3. La présence de cette butée, destinée à sécuriser le recul des véhicules et caractéristique de l'aménagement des quais de déchetterie, n'est pas constitutive d'un défaut d'entretien normal de l'ouvrage. La circonstance que sa hauteur ait été de quinze centimètres et qu'elle n'ait pas été peinte en couleurs vives, alors qu'elle a été ultérieurement rehaussée à vingt centimètres et revêtue d'une peinture blanche et rouge, n'est pas non plus constitutive d'un défaut d'entretien. Cette butée était parfaitement visible par les usagers et n'avait pas à être particulièrement signalée.

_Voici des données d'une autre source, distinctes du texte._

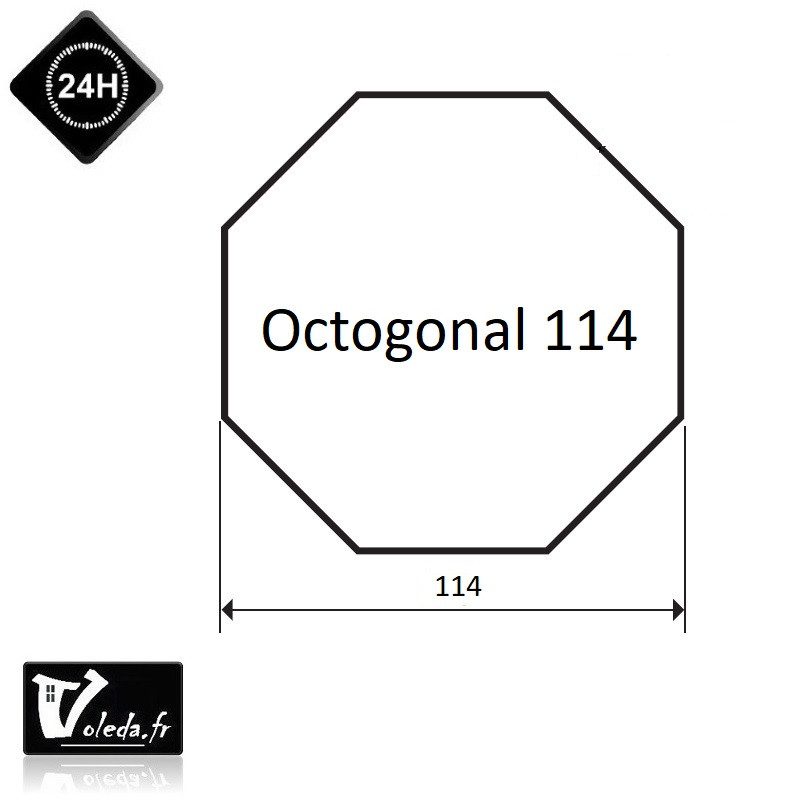 Bague moteur volet roulant Simu T6 Dmi6 - Octogonal 114 Bague moteur volet roulant Simu T6 Dmi6 - Octogonal 114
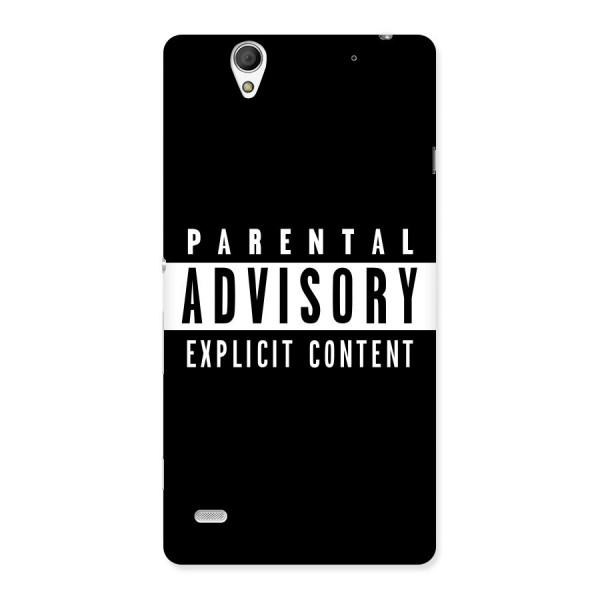 Parental Advisory Label Back Case for Sony Xperia C4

4. Si M. E...met en cause l'absence de garde-corps délimitant les bennes, comme c'est le cas dans d'autres déchetteries mieux aménagées, l'espace de déchargement, d'une largeur supérieure à celles des véhicules usuels, ne comporte pas de garde-corps du fait de sa fonction et ne protège donc pas les usagers du risque de chute à l'occasion du déchargement du contenu d'un véhicule. L'accident n'est donc pas imputable à l'absence de tels garde-corps. Il en va de même s'agissant de l'absence d'une barrière amovible, qui aurait nécessairement été levée au moment du déchargement.

5. M E... peut utilement invoquer les dispositions du " règlement du quai/déchetterie " annexées au cahier des clauses techniques particulières du marché public relatif à la collecte des ordures ménagères et à la gestion de la déchetterie passé par la commune de Cuers, qui ont un caractère réglementaire. Il ne résulte pas de l'instruction que les missions d'accueil, de conseil, d'information et de surveillance des usagers dont est chargé le gardien du site soient à l'origine de l'accident. Contrairement à ce que soutient M.E..., la configuration de la déchetterie n'appelait pas une mise en garde particulière adressée par le gardien à chaque nouvel usager à propos des risques de chute dans la benne destinée aux déchets verts.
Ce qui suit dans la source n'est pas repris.